I blame Cute Overload. On Saturday, I got a rabbit.
My life, for the past seven years, has been all about minimalism. I've spent it assiduously paring possessions down to bare necessities and eliminating excess. This is due mainly to transitoriness, moving often with limited space in each location. Unnecessary items weigh you down, that much more cargo to pack and haul and find room for.
Pets do not fit into this picture. The exception has been two goldfish, neatly contained and low-maintenance enough to sustain. Granted, they rank rather low on the interactivity scale, but you can't have everything.
I dream of owning a cat someday. Beyond this, I have had to resist pet ownership completely as an unfair and impractical addendum to my mobile and fund-restricted lifestyle.
But somehow, when I saw the "Offer: bunny" posting on Freecycle, my heart was caught.
Knowing I really shouldn't, I emailed to inquire. The rabbit was a black male mini Rex, a year old. The owner was moving and couldn't take him. He needed to find a home immediately, or he would go into a shelter. I was the only one who'd shown any interest.
After a considerable amount of internal debate over the next several days, I agreed.
Almost immediately I had the sinking feeling that I had perhaps made an unwise move. Reassuring myself that I could at least provide him a temporary shelter and re-home him later, I took the necessary step of asking my landlady's permission and made an appointment to pick him up.
We met at a gas station by the highway. A battered black pickup truck containing a young couple pulled up, and by the way they grinned as I approached I knew it must be the rabbit people. A few moments' brief and nearly wordless exchange, and I drove away the owner of a small wire cage containing a rather frightened midnight-black rabbit.
During the short ride home, all I heard of him was occasional hops and the rattling of the ball in his drinking bottle.
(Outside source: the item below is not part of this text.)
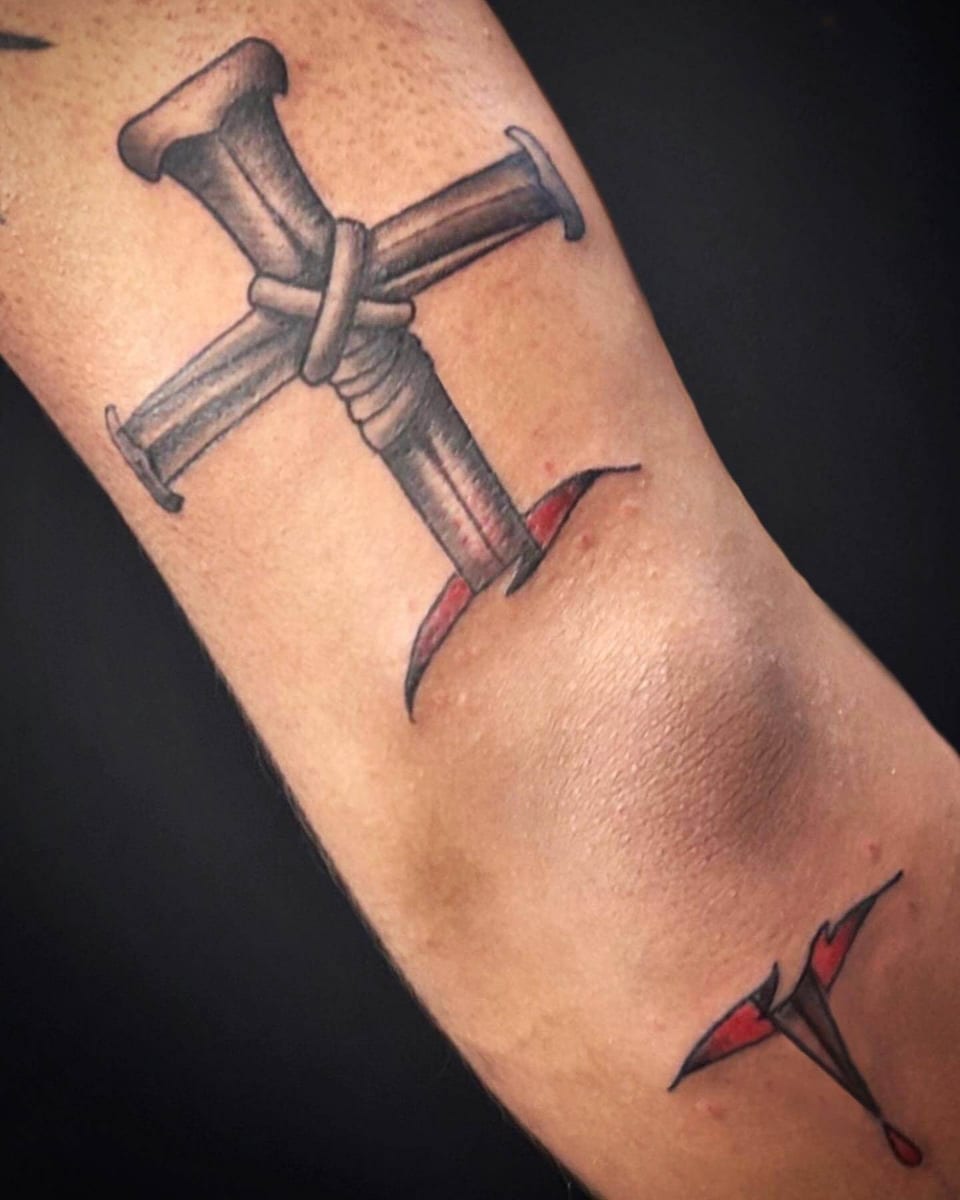 A black and grey cross made of bound nails sits above the inner elbow with small red accents.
Once I got home and had carried him inside, I lifted him out to have a look.
He was perfect. His fur, impossibly silky and soft in the manner of all Rexes, felt like heaven-spun velveteen. Tiny, dainty paws ended in small curved claws. His anatomy was all perfect ovals and rounds, making him look incongruously like one of those drawing lessons where everything starts out as a shape. His eyes, a deep, shiny black, reflected the amusing combination of incomprehensibility and fear that all rabbits seem to emanate.
And he was mine.
So James Dean and I (for that's now his name) have spent the last couple of days getting acquainted. He loves to hop about the room sniffing everything, occasionally doing a sudden leap and heel-kick or a surprisingly loud thump of warning. He swiftly and mightily resists being caught, turning into rubber and kicking on the jet-thrusters when a hand approaches. He goes soft and quiet when picked up, though the push of his head into the space between my arm and my body reveals his insecurity. When he tires, he stretches out on the floor next to his cage and rests.
And it feels good to have him there. Despite my trepidation about acquiring an animal, he's added a dimension of life and companionship to my normally sterile and solitary existence. He's something to care about and care for, a level of need outside my own that is satisfying to meet. He's probably going to be one spoiled rabbit. And even if I can't keep him forever, he's already won my heart.
(His cage was dirty when he arrived. It's since been cleaned and is now all spiffy with recycled pulp bedding, healthier than shavings).